▼
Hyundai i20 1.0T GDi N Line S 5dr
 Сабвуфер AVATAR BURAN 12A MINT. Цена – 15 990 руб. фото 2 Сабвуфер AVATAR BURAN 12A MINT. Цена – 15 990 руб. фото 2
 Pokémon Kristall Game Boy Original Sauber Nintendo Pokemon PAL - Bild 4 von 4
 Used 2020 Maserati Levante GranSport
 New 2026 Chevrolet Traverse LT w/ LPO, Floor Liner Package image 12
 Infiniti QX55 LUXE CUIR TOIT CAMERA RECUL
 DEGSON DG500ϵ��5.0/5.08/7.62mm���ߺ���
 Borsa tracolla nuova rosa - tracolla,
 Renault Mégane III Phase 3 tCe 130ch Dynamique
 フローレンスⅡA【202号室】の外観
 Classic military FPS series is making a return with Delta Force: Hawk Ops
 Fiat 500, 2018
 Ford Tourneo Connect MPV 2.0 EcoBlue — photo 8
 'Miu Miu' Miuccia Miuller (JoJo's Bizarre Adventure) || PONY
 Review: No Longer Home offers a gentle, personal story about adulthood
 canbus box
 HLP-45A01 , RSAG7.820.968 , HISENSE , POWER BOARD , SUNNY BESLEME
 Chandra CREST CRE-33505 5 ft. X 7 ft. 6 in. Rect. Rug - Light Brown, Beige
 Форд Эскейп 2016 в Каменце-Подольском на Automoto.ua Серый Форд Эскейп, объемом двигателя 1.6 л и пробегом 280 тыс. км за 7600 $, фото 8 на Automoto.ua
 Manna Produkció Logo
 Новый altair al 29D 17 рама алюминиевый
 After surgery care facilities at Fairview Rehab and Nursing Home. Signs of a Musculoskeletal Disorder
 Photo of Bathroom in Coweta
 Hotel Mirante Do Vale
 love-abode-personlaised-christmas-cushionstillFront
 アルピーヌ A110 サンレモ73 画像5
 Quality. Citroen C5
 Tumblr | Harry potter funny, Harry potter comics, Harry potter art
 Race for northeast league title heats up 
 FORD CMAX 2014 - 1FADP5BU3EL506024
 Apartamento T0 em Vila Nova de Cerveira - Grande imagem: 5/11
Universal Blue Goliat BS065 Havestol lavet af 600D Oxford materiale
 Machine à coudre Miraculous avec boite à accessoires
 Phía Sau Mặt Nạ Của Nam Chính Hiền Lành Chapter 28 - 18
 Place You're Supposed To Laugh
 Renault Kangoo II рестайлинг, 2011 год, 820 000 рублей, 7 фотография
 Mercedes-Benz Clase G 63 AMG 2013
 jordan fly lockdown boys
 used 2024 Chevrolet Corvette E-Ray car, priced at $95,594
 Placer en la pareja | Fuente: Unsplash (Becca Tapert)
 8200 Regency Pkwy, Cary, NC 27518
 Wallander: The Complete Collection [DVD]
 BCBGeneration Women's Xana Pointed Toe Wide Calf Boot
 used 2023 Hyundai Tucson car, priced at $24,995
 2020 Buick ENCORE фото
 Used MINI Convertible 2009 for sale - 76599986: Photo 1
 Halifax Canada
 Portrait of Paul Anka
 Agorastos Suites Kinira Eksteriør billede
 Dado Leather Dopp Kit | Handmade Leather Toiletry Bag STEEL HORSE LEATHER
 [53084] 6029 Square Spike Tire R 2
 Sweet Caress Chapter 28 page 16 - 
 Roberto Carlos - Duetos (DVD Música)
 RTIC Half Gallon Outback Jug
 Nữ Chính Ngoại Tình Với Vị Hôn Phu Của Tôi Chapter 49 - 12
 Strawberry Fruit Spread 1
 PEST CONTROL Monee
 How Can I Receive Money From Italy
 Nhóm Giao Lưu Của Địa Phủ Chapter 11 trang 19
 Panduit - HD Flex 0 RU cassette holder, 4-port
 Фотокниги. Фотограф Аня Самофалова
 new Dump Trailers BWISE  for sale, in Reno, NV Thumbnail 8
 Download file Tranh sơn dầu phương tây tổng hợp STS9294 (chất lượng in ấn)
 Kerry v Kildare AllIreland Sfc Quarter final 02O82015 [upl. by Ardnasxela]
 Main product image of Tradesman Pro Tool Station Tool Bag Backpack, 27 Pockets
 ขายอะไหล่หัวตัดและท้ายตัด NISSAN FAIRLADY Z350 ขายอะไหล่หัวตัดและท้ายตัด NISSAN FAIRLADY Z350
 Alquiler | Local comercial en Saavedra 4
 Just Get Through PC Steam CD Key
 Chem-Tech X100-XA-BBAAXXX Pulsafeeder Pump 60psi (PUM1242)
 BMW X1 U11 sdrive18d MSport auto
▲
> How to complete this task:
Transcribe every entry, keeping each line exactly as it reads.

> Completed task:
Hyundai i20 1.0T GDi N Line S 5dr
 Сабвуфер AVATAR BURAN 12A MINT. Цена – 15 990 руб. фото 2 Сабвуфер AVATAR BURAN 12A MINT. Цена – 15 990 руб. фото 2
 Pokémon Kristall Game Boy Original Sauber Nintendo Pokemon PAL - Bild 4 von 4
 Used 2020 Maserati Levante GranSport
 New 2026 Chevrolet Traverse LT w/ LPO, Floor Liner Package image 12
 Infiniti QX55 LUXE CUIR TOIT CAMERA RECUL
 DEGSON DG500ϵ��5.0/5.08/7.62mm���ߺ���
 Borsa tracolla nuova rosa - tracolla,
 Renault Mégane III Phase 3 tCe 130ch Dynamique
 フローレンスⅡA【202号室】の外観
 Classic military FPS series is making a return with Delta Force: Hawk Ops
 Fiat 500, 2018
 Ford Tourneo Connect MPV 2.0 EcoBlue — photo 8
 'Miu Miu' Miuccia Miuller (JoJo's Bizarre Adventure) || PONY
 Review: No Longer Home offers a gentle, personal story about adulthood
 canbus box
 HLP-45A01 , RSAG7.820.968 , HISENSE , POWER BOARD , SUNNY BESLEME
 Chandra CREST CRE-33505 5 ft. X 7 ft. 6 in. Rect. Rug - Light Brown, Beige
 Форд Эскейп 2016 в Каменце-Подольском на Automoto.ua Серый Форд Эскейп, объемом двигателя 1.6 л и пробегом 280 тыс. км за 7600 $, фото 8 на Automoto.ua
 Manna Produkció Logo
 Новый altair al 29D 17 рама алюминиевый
 After surgery care facilities at Fairview Rehab and Nursing Home. Signs of a Musculoskeletal Disorder
 Photo of Bathroom in Coweta
 Hotel Mirante Do Vale
 love-abode-personlaised-christmas-cushionstillFront
 アルピーヌ A110 サンレモ73 画像5
 Quality. Citroen C5
 Tumblr | Harry potter funny, Harry potter comics, Harry potter art
 Race for northeast league title heats up 
 FORD CMAX 2014 - 1FADP5BU3EL506024
 Apartamento T0 em Vila Nova de Cerveira - Grande imagem: 5/11
Universal Blue Goliat BS065 Havestol lavet af 600D Oxford materiale
 Machine à coudre Miraculous avec boite à accessoires
 Phía Sau Mặt Nạ Của Nam Chính Hiền Lành Chapter 28 - 18
 Place You're Supposed To Laugh
 Renault Kangoo II рестайлинг, 2011 год, 820 000 рублей, 7 фотография
 Mercedes-Benz Clase G 63 AMG 2013
 jordan fly lockdown boys
 used 2024 Chevrolet Corvette E-Ray car, priced at $95,594
 Placer en la pareja | Fuente: Unsplash (Becca Tapert)
 8200 Regency Pkwy, Cary, NC 27518
 Wallander: The Complete Collection [DVD]
 BCBGeneration Women's Xana Pointed Toe Wide Calf Boot
 used 2023 Hyundai Tucson car, priced at $24,995
 2020 Buick ENCORE фото
 Used MINI Convertible 2009 for sale - 76599986: Photo 1
 Halifax Canada
 Portrait of Paul Anka
 Agorastos Suites Kinira Eksteriør billede
 Dado Leather Dopp Kit | Handmade Leather Toiletry Bag STEEL HORSE LEATHER
 [53084] 6029 Square Spike Tire R 2
 Sweet Caress Chapter 28 page 16 - 
 Roberto Carlos - Duetos (DVD Música)
 RTIC Half Gallon Outback Jug
 Nữ Chính Ngoại Tình Với Vị Hôn Phu Của Tôi Chapter 49 - 12
 Strawberry Fruit Spread 1
 PEST CONTROL Monee
 How Can I Receive Money From Italy
 Nhóm Giao Lưu Của Địa Phủ Chapter 11 trang 19
 Panduit - HD Flex 0 RU cassette holder, 4-port
 Фотокниги. Фотограф Аня Самофалова
 new Dump Trailers BWISE  for sale, in Reno, NV Thumbnail 8
 Download file Tranh sơn dầu phương tây tổng hợp STS9294 (chất lượng in ấn)
 Kerry v Kildare AllIreland Sfc Quarter final 02O82015 [upl. by Ardnasxela]
 Main product image of Tradesman Pro Tool Station Tool Bag Backpack, 27 Pockets
 ขายอะไหล่หัวตัดและท้ายตัด NISSAN FAIRLADY Z350 ขายอะไหล่หัวตัดและท้ายตัด NISSAN FAIRLADY Z350
 Alquiler | Local comercial en Saavedra 4
 Just Get Through PC Steam CD Key
 Chem-Tech X100-XA-BBAAXXX Pulsafeeder Pump 60psi (PUM1242)
 BMW X1 U11 sdrive18d MSport auto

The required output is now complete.